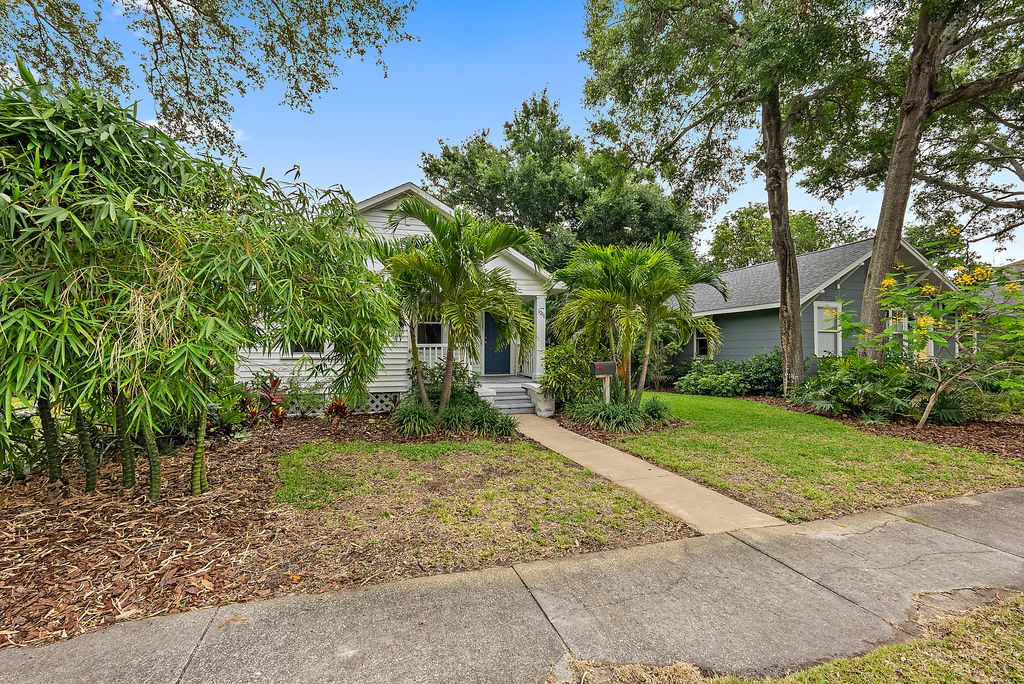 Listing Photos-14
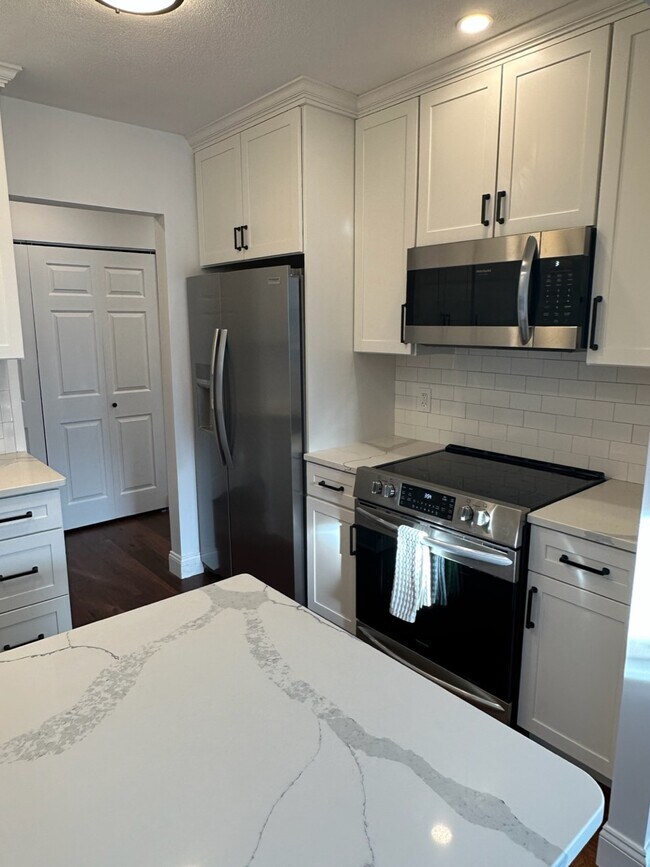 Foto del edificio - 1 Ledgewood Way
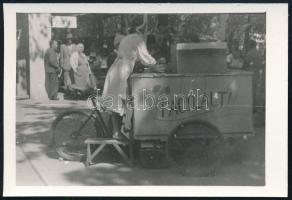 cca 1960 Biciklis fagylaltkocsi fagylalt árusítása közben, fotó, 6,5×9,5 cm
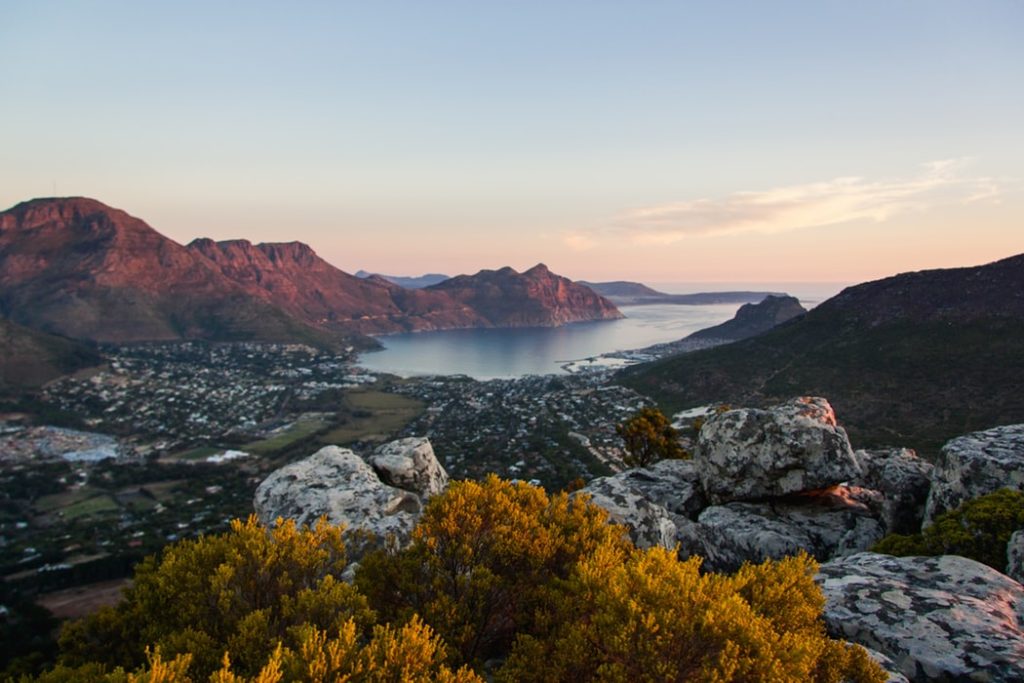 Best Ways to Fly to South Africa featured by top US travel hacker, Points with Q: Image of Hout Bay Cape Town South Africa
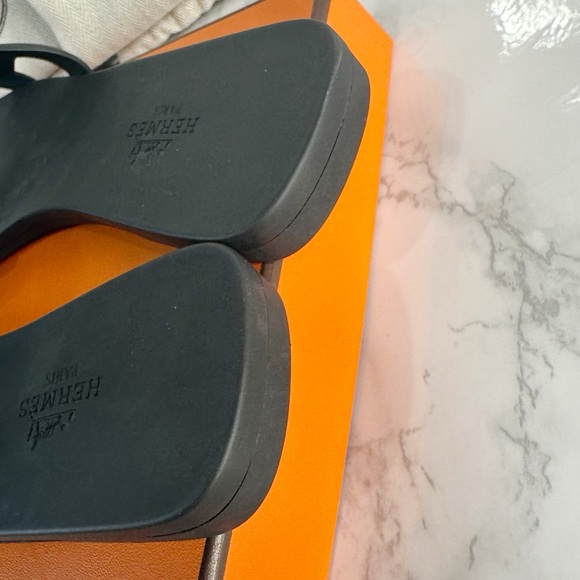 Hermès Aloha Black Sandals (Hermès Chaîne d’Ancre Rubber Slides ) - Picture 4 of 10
______________________________
All lines from the beginning of the entries above to the line containing "Best Ways to", inclusive, should be printed exactly, apart from the pictures.

 Listing Photos-14
 Foto del edificio - 1 Ledgewood Way
 cca 1960 Biciklis fagylaltkocsi fagylalt árusítása közben, fotó, 6,5×9,5 cm
 Best Ways to Fly to South Africa featured by top US travel hacker, Points with Q: Image of Hout Bay Cape Town South Africa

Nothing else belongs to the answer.